:: DATA FOR THIS TASK ::
- Opening Delimiter -
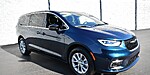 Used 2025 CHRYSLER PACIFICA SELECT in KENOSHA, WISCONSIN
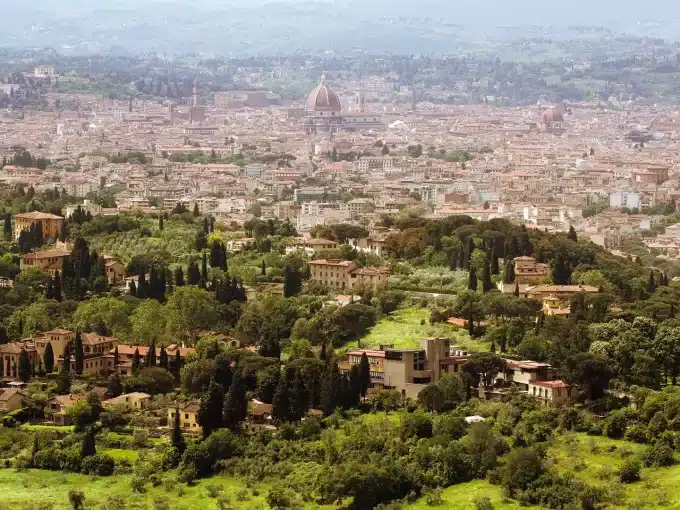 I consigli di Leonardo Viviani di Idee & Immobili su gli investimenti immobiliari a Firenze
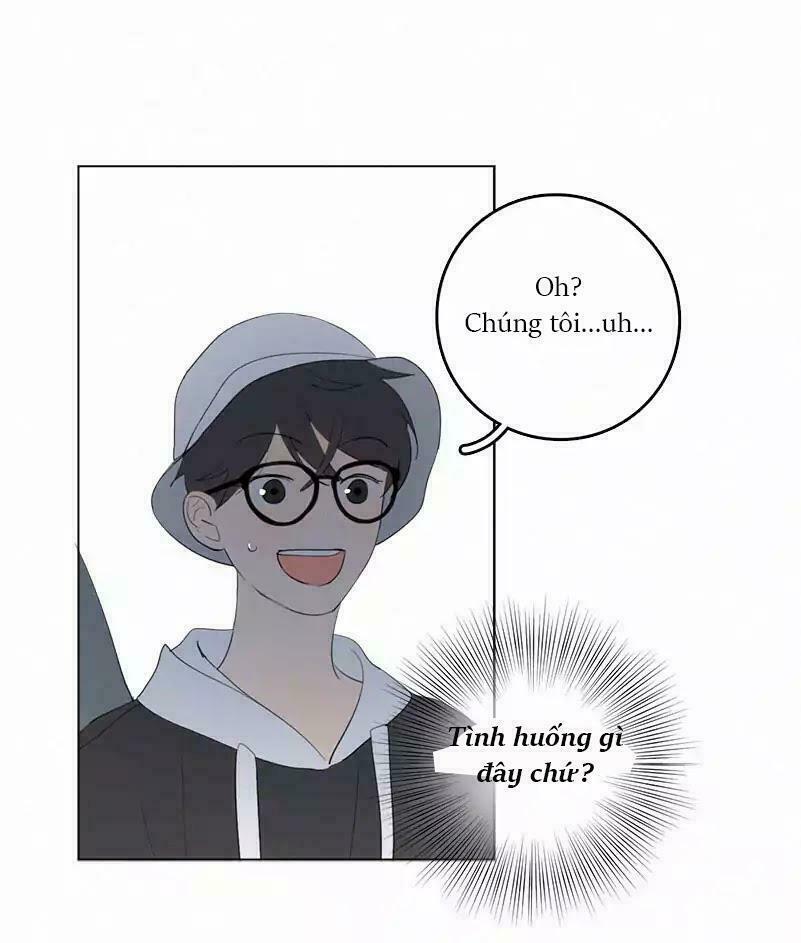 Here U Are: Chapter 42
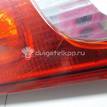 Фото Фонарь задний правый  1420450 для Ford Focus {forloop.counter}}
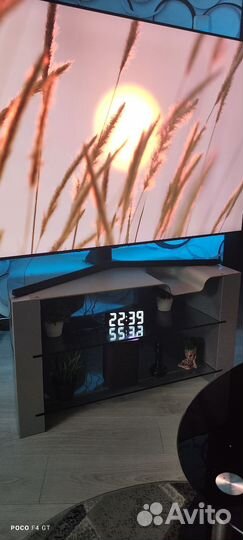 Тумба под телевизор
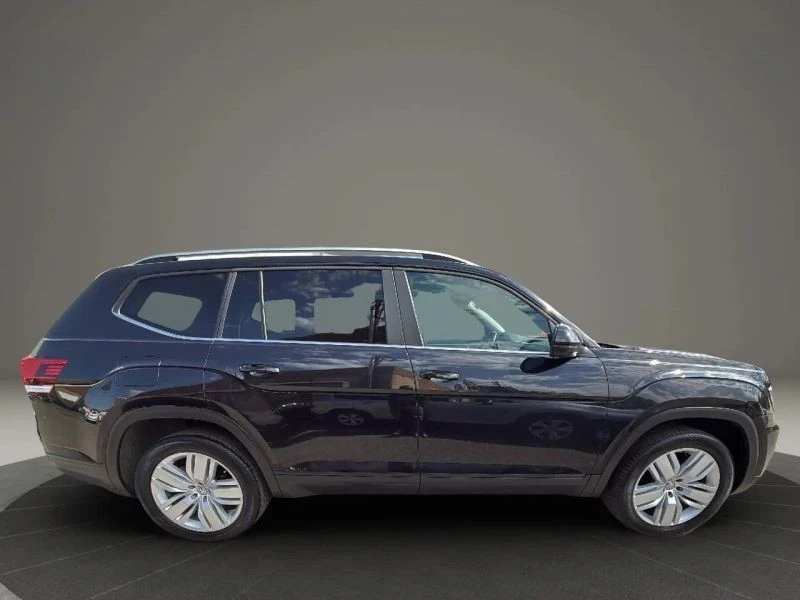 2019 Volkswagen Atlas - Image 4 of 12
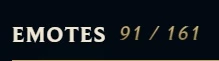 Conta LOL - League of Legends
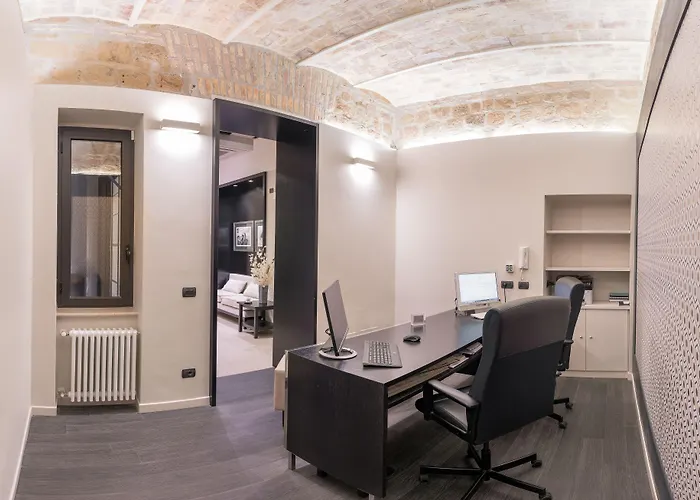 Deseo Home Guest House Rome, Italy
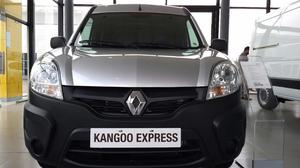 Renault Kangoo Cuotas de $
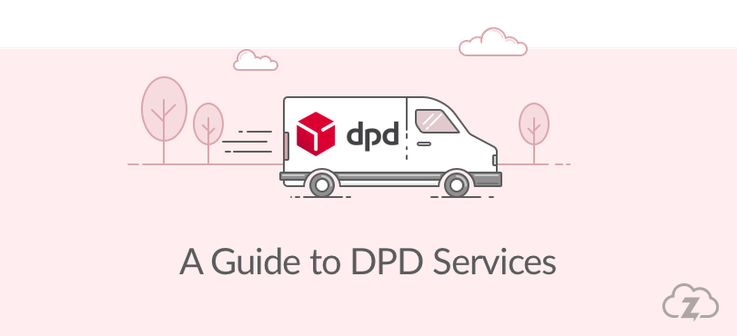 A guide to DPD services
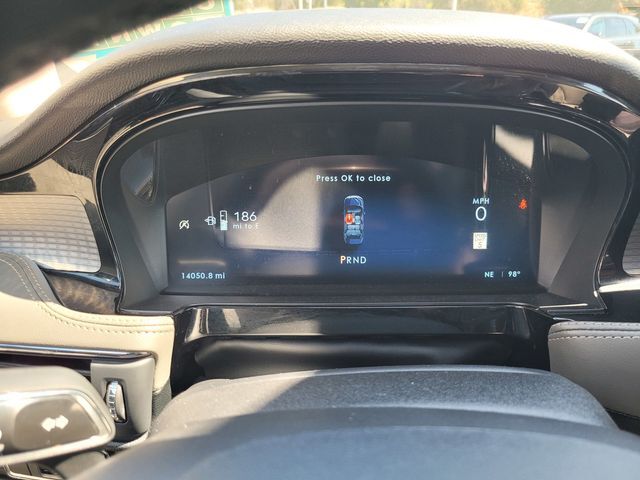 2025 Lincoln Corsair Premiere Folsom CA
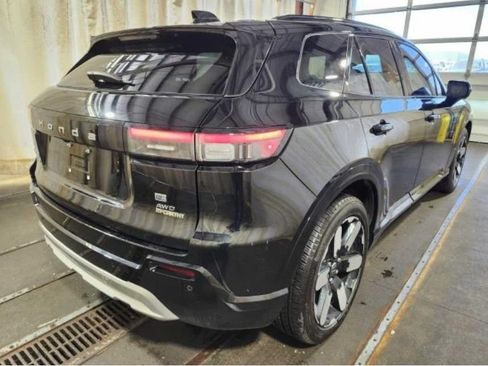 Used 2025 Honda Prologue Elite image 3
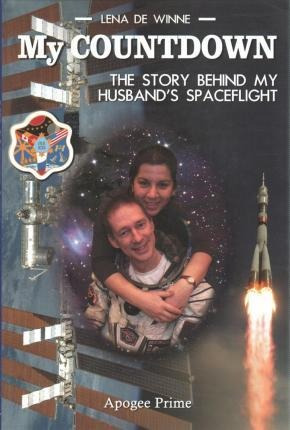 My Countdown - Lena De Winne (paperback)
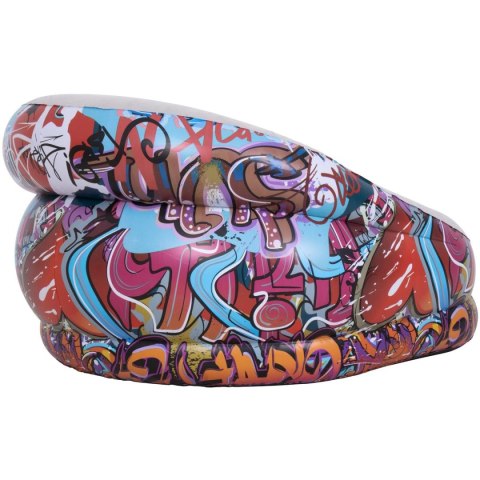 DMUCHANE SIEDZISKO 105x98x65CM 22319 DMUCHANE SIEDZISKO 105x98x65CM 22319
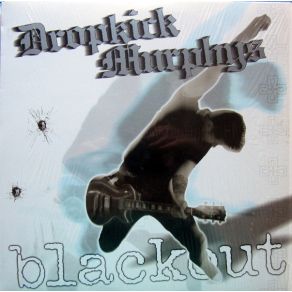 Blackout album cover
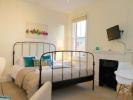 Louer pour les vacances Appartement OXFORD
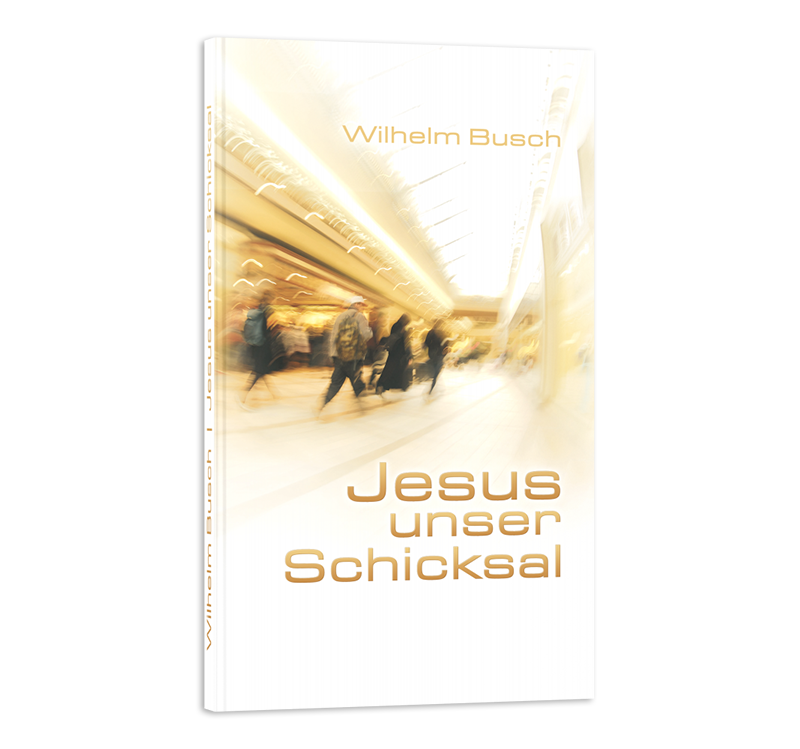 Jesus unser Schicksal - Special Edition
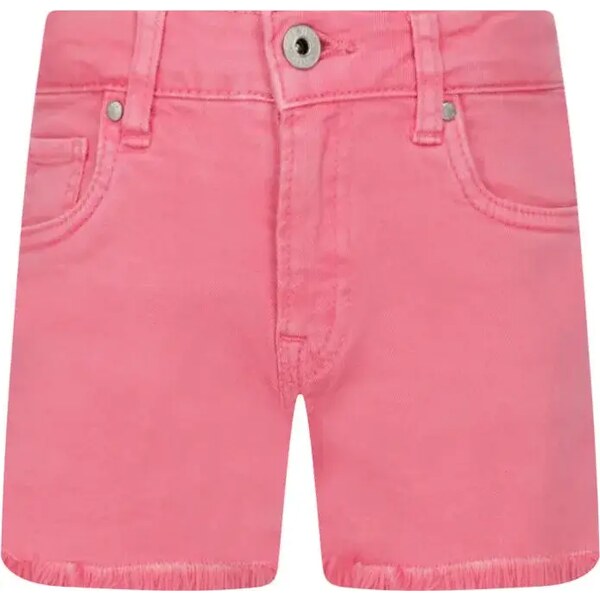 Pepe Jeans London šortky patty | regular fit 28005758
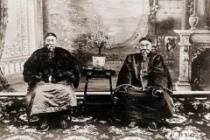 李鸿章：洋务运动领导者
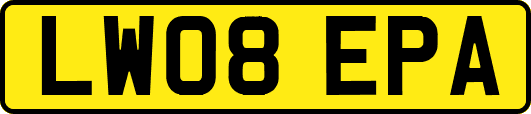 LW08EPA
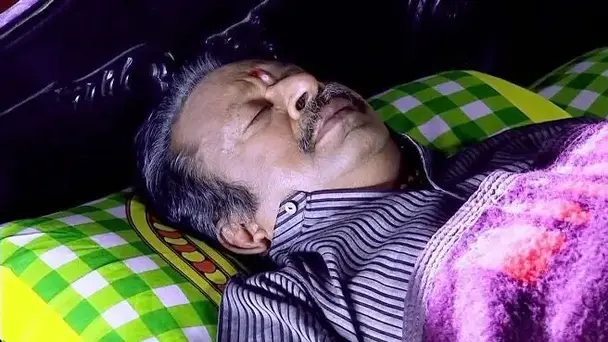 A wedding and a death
- Closing Delimiter -
:: WHAT THE EXERCISE ASKS ::
Word for word, write out each line from the one with "Pepe Jeans London" through the end of the entries above, and omit any pictures.

:: SOLVED PROBLEM ::
 Pepe Jeans London šortky patty | regular fit 28005758
 李鸿章：洋务运动领导者
 LW08EPA
 A wedding and a death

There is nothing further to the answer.